The trader who posted it was not a prominent community member. He worked in logistics, trading during lunch breaks and evening hours, and had been doing so for roughly two years. What distinguished this post from the average trade share was the level of annotation included on the chart. He had marked the price level at the time of the statement, the spread at the time of entry, where he placed his stop and why, and included a brief note on the ECB statement and his expectations for market reaction ahead of the release. The fx trade was documented thoroughly enough that the trade could be understood and replicated in principle, not merely admired for its outcome.
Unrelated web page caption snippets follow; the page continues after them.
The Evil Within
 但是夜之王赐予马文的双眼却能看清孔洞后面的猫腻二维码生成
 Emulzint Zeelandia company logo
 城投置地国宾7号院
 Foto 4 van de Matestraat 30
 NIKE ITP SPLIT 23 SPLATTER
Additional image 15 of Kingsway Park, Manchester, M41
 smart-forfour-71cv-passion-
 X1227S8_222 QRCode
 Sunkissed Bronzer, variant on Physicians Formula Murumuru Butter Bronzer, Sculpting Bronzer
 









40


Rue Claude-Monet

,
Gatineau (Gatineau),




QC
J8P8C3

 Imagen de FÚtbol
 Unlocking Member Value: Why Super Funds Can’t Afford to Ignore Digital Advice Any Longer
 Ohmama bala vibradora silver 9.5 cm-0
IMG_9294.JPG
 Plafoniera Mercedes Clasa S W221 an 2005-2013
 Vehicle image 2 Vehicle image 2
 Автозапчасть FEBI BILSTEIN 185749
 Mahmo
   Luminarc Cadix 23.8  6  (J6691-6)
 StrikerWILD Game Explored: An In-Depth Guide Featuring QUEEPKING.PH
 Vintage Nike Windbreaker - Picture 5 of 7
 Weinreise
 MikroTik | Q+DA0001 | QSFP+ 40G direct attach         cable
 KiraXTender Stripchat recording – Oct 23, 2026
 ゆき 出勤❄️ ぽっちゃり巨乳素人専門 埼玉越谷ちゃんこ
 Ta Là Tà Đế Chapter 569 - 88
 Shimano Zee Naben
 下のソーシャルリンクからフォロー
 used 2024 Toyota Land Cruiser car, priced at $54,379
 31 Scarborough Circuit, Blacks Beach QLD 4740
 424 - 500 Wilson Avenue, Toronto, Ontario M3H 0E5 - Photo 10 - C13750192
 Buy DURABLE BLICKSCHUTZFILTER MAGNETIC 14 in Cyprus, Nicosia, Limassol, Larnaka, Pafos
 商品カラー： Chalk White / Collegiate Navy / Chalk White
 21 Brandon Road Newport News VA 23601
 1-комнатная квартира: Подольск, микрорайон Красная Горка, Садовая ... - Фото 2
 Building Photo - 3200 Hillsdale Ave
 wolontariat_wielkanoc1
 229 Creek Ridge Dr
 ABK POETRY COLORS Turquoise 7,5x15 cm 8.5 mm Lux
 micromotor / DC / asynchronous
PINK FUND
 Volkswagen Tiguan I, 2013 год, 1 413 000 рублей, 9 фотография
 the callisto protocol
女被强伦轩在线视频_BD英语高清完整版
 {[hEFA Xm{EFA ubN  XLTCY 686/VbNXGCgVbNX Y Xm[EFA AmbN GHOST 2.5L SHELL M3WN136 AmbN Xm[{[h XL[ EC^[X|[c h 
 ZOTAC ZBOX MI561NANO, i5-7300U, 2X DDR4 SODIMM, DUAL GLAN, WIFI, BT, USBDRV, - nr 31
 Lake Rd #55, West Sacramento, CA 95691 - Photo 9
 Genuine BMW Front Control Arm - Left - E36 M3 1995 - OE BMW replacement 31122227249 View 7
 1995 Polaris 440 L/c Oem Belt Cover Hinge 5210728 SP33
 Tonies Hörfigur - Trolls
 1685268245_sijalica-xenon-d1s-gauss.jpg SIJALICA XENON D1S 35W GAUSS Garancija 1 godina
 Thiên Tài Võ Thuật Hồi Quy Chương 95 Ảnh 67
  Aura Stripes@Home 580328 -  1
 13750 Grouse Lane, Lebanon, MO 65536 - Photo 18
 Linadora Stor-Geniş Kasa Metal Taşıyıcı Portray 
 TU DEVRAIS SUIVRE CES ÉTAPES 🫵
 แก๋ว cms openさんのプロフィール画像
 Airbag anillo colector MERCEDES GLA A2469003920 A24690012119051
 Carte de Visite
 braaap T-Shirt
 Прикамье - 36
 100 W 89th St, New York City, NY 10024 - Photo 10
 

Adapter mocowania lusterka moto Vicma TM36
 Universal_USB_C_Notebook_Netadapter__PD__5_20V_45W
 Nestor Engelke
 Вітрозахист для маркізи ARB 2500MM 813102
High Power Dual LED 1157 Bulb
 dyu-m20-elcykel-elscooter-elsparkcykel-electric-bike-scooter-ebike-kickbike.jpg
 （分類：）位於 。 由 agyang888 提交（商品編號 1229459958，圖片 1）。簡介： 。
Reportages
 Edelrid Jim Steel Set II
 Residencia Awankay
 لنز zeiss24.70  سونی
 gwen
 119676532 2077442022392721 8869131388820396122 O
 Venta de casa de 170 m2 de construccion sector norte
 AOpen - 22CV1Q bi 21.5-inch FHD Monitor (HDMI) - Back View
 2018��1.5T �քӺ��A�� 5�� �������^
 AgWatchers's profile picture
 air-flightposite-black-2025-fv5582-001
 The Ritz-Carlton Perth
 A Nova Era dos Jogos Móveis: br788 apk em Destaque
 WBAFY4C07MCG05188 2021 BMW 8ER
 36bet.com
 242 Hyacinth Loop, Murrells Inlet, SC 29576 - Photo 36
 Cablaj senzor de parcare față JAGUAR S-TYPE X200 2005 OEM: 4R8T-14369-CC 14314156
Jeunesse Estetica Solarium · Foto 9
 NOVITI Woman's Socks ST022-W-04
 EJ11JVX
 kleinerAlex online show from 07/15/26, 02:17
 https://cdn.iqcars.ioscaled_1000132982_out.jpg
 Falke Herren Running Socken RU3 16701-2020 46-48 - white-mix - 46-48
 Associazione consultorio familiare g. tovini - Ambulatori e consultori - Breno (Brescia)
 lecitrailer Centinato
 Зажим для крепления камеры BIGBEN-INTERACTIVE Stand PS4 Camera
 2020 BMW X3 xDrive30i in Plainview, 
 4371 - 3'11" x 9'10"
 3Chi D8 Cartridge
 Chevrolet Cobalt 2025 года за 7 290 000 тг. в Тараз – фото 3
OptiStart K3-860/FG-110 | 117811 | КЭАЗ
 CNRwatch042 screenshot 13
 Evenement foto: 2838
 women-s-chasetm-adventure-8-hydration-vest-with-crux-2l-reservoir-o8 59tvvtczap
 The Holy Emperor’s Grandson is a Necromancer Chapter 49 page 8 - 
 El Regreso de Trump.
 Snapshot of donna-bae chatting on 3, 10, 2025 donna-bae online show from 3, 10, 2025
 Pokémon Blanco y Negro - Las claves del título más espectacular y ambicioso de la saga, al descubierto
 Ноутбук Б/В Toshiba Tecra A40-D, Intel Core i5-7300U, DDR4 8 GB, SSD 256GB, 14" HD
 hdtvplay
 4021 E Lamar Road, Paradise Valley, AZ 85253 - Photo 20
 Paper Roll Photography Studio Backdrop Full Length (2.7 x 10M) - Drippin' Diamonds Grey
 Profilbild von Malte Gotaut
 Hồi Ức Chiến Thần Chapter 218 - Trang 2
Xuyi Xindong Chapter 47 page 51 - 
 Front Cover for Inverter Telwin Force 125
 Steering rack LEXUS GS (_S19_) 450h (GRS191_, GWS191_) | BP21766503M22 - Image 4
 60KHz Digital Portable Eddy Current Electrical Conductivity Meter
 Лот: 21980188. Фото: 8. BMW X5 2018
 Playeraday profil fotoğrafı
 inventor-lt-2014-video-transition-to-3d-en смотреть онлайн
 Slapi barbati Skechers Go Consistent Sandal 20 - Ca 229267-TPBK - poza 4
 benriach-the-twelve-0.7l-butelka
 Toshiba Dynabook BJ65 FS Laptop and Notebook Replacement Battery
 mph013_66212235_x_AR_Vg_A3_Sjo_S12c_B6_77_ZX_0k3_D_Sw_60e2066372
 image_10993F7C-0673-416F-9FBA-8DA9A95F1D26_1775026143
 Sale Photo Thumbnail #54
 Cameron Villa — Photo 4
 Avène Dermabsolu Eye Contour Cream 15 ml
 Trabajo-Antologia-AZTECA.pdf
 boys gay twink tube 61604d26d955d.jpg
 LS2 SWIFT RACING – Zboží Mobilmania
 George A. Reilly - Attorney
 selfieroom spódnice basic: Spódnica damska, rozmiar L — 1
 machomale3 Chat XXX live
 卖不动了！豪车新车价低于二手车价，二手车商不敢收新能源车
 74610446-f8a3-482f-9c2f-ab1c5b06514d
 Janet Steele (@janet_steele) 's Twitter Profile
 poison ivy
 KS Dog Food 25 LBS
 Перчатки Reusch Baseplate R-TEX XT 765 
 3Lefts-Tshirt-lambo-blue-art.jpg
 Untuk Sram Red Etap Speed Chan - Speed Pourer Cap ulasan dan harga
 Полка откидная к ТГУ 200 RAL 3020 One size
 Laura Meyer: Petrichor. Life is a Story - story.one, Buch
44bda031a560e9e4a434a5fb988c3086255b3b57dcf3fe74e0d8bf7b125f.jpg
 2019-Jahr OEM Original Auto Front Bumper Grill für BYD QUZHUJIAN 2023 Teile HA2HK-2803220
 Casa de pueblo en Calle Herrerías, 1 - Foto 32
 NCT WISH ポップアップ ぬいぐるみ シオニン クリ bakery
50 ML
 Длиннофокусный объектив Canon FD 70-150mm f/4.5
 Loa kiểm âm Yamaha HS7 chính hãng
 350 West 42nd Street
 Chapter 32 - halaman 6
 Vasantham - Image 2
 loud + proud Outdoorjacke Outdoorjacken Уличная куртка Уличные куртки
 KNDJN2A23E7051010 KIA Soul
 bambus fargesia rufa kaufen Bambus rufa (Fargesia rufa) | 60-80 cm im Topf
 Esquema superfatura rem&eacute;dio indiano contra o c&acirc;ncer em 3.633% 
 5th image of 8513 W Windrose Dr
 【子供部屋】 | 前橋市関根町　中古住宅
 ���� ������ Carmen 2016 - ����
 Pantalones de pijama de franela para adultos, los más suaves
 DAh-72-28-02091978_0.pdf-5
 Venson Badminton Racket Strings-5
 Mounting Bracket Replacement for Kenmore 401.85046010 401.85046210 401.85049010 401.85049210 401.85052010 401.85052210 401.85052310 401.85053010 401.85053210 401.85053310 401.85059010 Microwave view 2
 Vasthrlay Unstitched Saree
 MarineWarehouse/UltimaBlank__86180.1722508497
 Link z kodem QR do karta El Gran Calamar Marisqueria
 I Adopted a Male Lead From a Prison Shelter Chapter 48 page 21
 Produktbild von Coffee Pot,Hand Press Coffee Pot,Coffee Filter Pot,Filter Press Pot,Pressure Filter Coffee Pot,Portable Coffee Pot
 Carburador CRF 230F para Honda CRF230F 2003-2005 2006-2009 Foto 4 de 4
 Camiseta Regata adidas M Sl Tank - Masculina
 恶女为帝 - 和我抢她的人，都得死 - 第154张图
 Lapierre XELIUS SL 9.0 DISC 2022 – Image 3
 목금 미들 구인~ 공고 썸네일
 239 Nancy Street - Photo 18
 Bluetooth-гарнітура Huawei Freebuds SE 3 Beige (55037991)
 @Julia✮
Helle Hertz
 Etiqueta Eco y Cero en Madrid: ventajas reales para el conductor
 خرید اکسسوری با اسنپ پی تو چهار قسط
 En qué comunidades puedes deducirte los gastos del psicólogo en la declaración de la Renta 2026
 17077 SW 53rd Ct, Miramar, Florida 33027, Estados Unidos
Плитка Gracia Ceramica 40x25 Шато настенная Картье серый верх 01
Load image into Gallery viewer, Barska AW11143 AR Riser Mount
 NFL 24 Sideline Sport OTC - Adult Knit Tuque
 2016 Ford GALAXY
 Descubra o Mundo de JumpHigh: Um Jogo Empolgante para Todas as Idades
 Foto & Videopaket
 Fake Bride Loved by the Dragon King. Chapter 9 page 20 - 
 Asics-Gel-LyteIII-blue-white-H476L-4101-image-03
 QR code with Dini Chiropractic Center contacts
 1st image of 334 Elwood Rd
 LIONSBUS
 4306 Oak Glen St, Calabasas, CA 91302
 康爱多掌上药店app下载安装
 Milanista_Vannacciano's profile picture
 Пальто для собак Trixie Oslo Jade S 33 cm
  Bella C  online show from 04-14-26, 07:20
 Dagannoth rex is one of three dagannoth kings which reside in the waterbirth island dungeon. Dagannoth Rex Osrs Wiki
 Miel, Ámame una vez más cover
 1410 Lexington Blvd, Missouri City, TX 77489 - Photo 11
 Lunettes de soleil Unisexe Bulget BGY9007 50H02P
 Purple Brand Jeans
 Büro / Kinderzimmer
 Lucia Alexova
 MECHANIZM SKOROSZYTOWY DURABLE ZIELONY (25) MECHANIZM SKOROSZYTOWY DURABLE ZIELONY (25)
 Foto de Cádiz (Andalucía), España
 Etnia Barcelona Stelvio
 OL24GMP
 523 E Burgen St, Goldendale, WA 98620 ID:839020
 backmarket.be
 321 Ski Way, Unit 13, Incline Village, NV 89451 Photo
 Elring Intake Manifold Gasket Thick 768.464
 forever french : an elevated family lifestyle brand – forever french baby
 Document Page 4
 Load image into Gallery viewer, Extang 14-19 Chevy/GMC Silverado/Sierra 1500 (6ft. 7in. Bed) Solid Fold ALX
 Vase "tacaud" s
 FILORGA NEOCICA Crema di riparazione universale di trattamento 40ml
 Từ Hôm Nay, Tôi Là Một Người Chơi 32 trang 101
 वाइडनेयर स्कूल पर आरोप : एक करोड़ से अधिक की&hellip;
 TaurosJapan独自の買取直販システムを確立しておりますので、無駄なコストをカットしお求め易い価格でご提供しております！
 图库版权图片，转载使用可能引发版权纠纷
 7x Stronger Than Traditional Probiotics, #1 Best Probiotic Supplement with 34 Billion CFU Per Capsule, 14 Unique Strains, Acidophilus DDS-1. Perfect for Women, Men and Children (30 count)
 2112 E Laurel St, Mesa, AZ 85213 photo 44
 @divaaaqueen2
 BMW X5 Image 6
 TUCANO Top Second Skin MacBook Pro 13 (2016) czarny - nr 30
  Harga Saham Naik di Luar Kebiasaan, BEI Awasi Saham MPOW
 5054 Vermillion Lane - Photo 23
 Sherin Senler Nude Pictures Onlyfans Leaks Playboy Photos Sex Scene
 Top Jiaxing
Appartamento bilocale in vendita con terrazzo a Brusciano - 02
There were two schools of thought in the responses. One focused on the return, the use of leverage, and whether news trading was a regular part of his approach. The other centered on the analytical framework, and wondered whether the ECB interpretation reflected genuine foresight or a fortunate read of the outcome. The second thread carried more substance and ran considerably longer, attracting traders from other cities who had joined the group over the previous months.
What emerged from the exchange was not a consensus on method but a shared set of considerations. The original poster acknowledged having taken losses by holding positions too long after news releases and responded to each question without defensiveness, acknowledging that real risk was inherent in his approach, and that stop placement had been the most carefully considered element of the trade. The transparency of that disclosure gave the conversation a weight that set it apart from the promotional trade sharing that had come to dominate many Colombian community channels.
Eventually the screenshot spread beyond the original group, shared by members who saw the annotation format as a model worth adopting. Some traders adapted the format for their own post-trade documentation, applying it consistently when reviewing both winning and losing positions. Over time, the fx trade faded in relevance; what stayed with the group was the approach to documenting it.
The post was referenced in other Colombian trading groups a few weeks later in discussions about raising the standard of trade sharing across community channels. The discussion it sparked outlasted the trade itself, and that longevity is perhaps the most reliable measure of what made it worth sharing.